Supplied data:
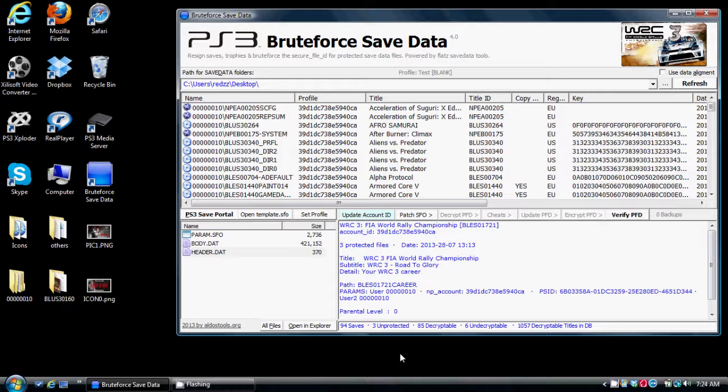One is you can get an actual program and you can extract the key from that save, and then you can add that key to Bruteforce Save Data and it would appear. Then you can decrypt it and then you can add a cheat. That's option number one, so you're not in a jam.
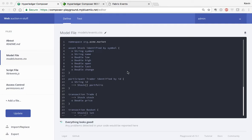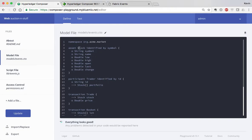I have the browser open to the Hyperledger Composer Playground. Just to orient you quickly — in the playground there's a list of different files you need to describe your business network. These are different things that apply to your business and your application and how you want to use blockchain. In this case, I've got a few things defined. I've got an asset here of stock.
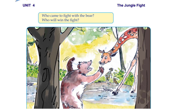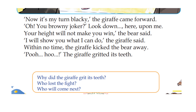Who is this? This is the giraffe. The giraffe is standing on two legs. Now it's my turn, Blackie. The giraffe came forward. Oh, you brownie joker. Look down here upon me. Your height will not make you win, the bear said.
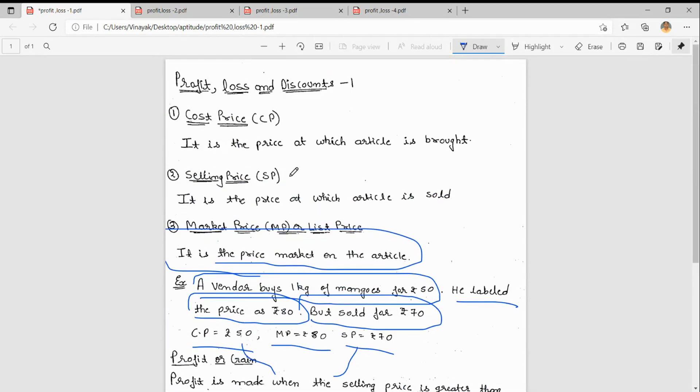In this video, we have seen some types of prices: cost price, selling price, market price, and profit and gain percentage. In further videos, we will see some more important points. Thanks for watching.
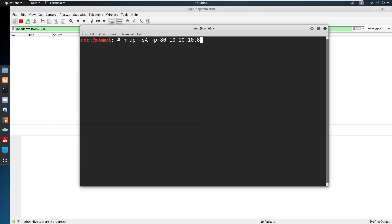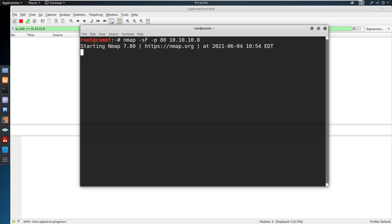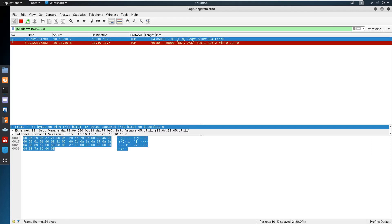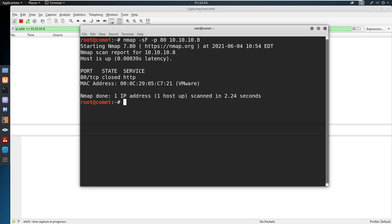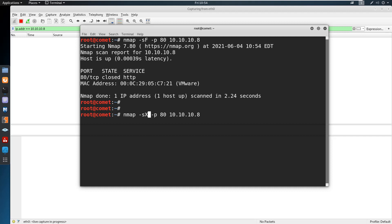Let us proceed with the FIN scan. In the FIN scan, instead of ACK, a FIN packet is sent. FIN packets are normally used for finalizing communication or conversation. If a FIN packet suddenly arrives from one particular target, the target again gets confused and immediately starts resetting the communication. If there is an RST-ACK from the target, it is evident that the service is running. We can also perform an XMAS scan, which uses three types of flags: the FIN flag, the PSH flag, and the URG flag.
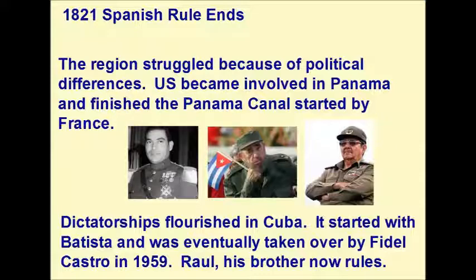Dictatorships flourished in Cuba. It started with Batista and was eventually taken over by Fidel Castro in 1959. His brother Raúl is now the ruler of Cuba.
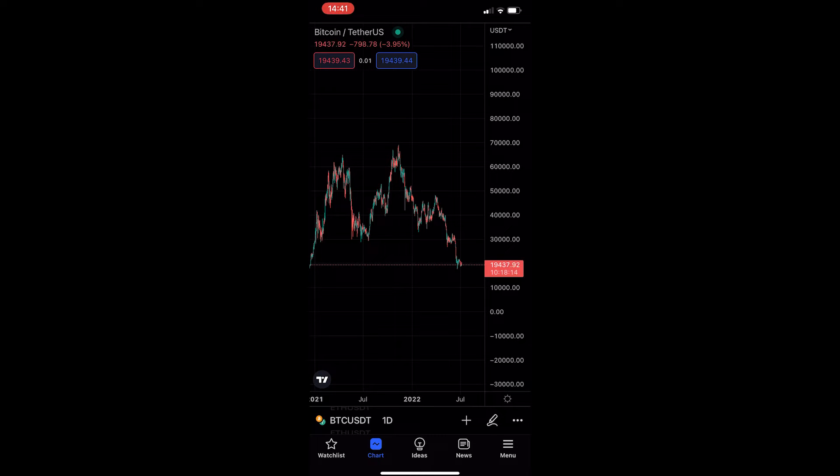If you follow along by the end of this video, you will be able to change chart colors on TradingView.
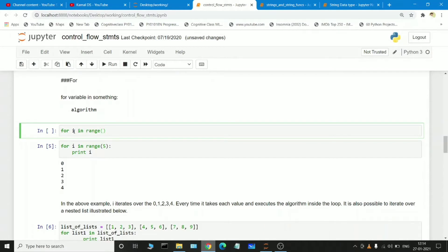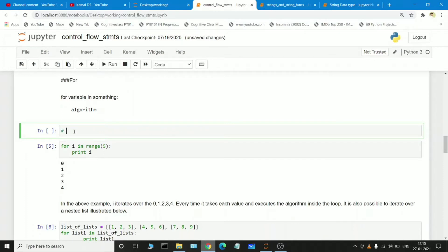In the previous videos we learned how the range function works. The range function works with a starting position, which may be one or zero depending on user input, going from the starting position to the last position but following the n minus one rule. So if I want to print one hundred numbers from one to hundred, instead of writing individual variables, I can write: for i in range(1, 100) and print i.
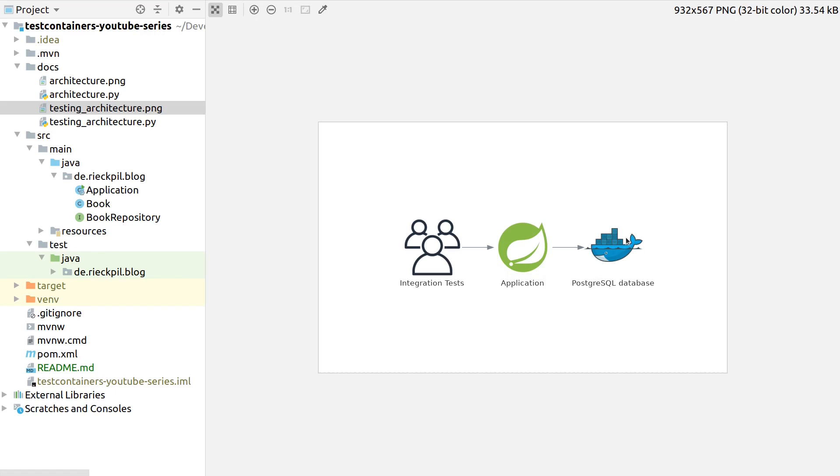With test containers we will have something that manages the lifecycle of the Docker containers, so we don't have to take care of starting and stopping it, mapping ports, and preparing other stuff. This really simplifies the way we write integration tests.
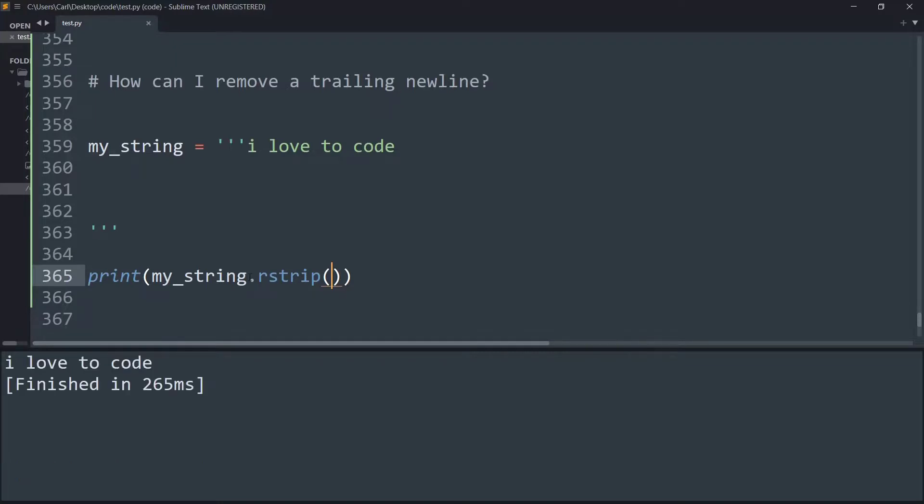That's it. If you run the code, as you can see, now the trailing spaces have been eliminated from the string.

Aim of the task: Beginning with the line that contains "With test containers", output every line down to the last line of the entries above exactly as written, apart from the pictures.

Exercise answer:
With test containers we will have something that manages the lifecycle of the Docker containers, so we don't have to take care of starting and stopping it, mapping ports, and preparing other stuff. This really simplifies the way we write integration tests.
That's it. If you run the code, as you can see, now the trailing spaces have been eliminated from the string.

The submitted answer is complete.